MR, che, inutile nasconderlo, è nel pantano di una fase nerissima, a causa dell'agonia in cui versa il suo lavoro, sta passando attraverso ognuna di loro.
Succede che ci piomba dentro senza neanche accorgersene. Balza come un canguro da uno stato d'animo all'altro. Spera in qualche sprazzo di sereno e di serenità.
Si affligge malinconica; si esalta con incoerenza maniacale; inciampa istericamente in attacchi di ansia depressiva; si aspetta da un momento all'altro - vista anche la rinnovata e carismatica spinta pontificia - di ritrovarsi  a recitare i salmi, le preghiere del mattino, della sera, dei fedeli, allo Spirito Santo; ride.
Sì, ride.
L'essere umano dispone di risorse infinite, nascoste e salvifiche; ha grande spirito di adattabilità; non ha in sé limiti se non quelli in cui vuole credere; riesce a ridere, salvo propositi suicidari.
Pertanto, e dato che che per pagare e per morire - anche suicidi - c'è sempre tempo, MR, fra l'altro, ride. Poi entra in questo blob, lo tartassa un po' e, per qualche momento, si rinfranca.
Stamattina si rinfranca riportando qualche stralcio di interlocuzione fra e di MR, amici-colleghi ed altro  negli ultimi giorni:  
"Verdi ha dovuto tagliare una parte dell'atto finale del Don Carlos edizione modenese perché l'ultimo treno partiva a mezzanotte!"
"C'è una cosa che proprio non riesco a spiegarmi... ci ho pensato molto, l'ho analizzata attentamente ma non c'è verso di capire come fate voi, artisti del coro, a parlare mentre ancora state cantando... e ad essere addirittura già a metà del discorso... "
"Ho come la sensazione di aver perso tanti, troppi treni..."
"Io sono uscito proprio dalla stazione!"
"Non troverai mai un uomo se te ne stai a casa ad accarezzare Thermos e Gea!"

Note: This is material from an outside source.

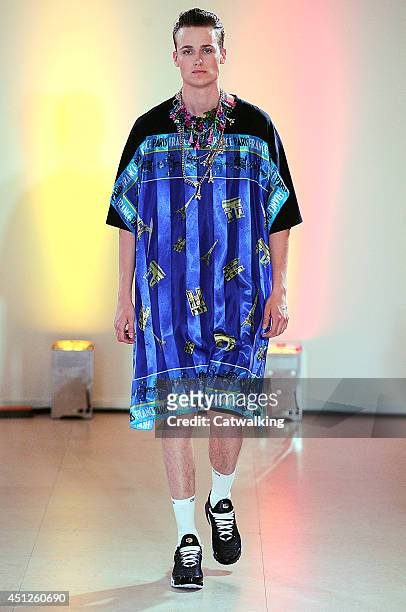 Model walks the runway at the Andrea Crews Spring Summer 2015 fashion show during Paris Menswear Fashion Week on June 26, 2014 in Paris, France.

"Tremor, si chiama Tremor!"
"Sì, vabbe', insomma, se te ne stai a casa ad accarezzare i gatti!"
"Avete presente quei film che sembrano accattivanti la cui trama ti avvince e ti mettono addosso tante aspettative specie per il finale e che invece finiscono senza una conclusione e tu rimani come un imbecille davanti al soufflé che si sgonfia inesorabilmente? Be', ne ho visto uno oggi, Oniegin."
"Avresti fatto meglio a leggere il poema Eugenio Oniegin di Puskin o ascoltare la meravigliosa opera omonima di Tchaikovski!"
"Il solito saccente... "
"E allora continua a guardare quei troiai!"

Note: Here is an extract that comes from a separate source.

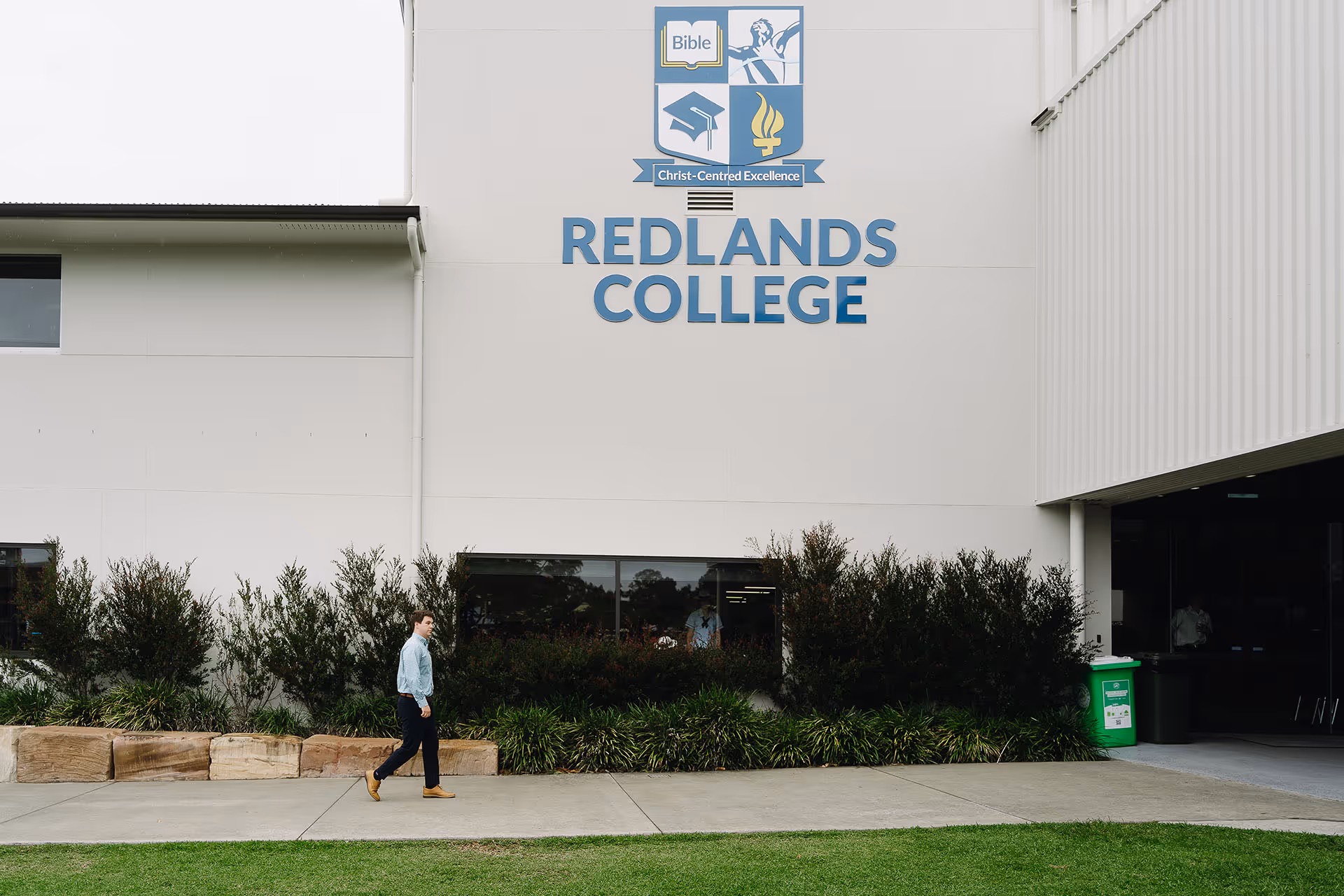 Person walking on sidewalk in front of Redlands College building with logo and greenery.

"Oggi è venerdì ma a me sembra sabato!"
"A me, invece, sembra giovedì!"
"Pronto!?"
"Non stavi dormendo, vero? Sono le 16.15, a quest'ora neanche gli anziani vanno a dormire!"
"Sì, stavo dormendo... vado a dormire con le galline!"

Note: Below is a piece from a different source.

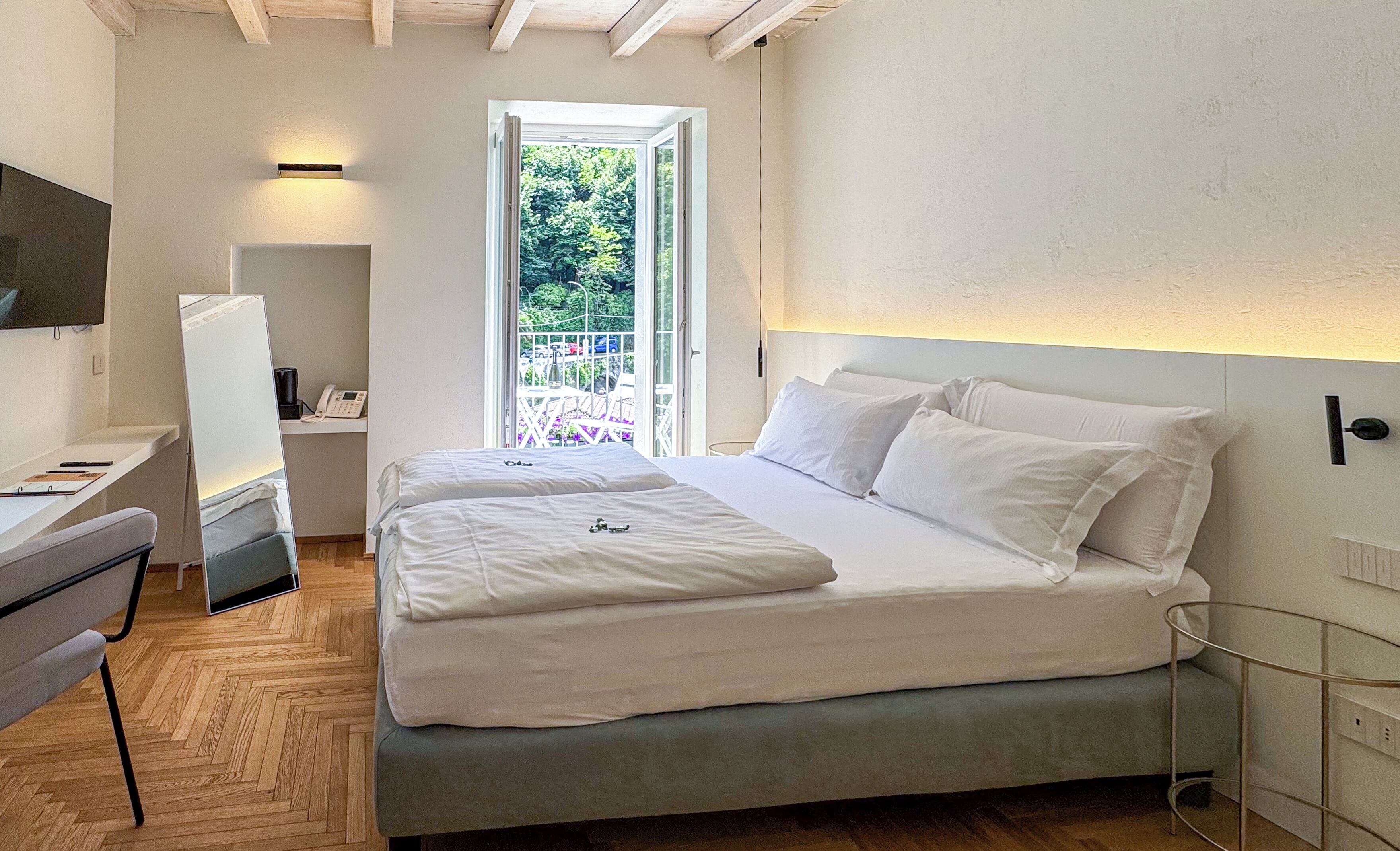 Un dormitorio con cama, escritorio, silla, teléfono y puerta que da a un balcón.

"Le galline in questo periodo vanno a dormire alle 18.00!"
"Io ho un forte e spiccato intuito! Devo rispettarlo, mi devo fidare di lui! Si può dubitare di tutto, della veridicità di un assioma geometrico, della validità di un postulato matematico, ma non del mio intuito!"
"A me non sembra, ma contenta tu!"
Ora MR, che da un momento all'altro se lo aspettava, va ad offrire la sua novena della supplica mattutina alla Madonna; se le rimane un po' di tempo, anche le Orazioni di Santa Brigida a Gesù.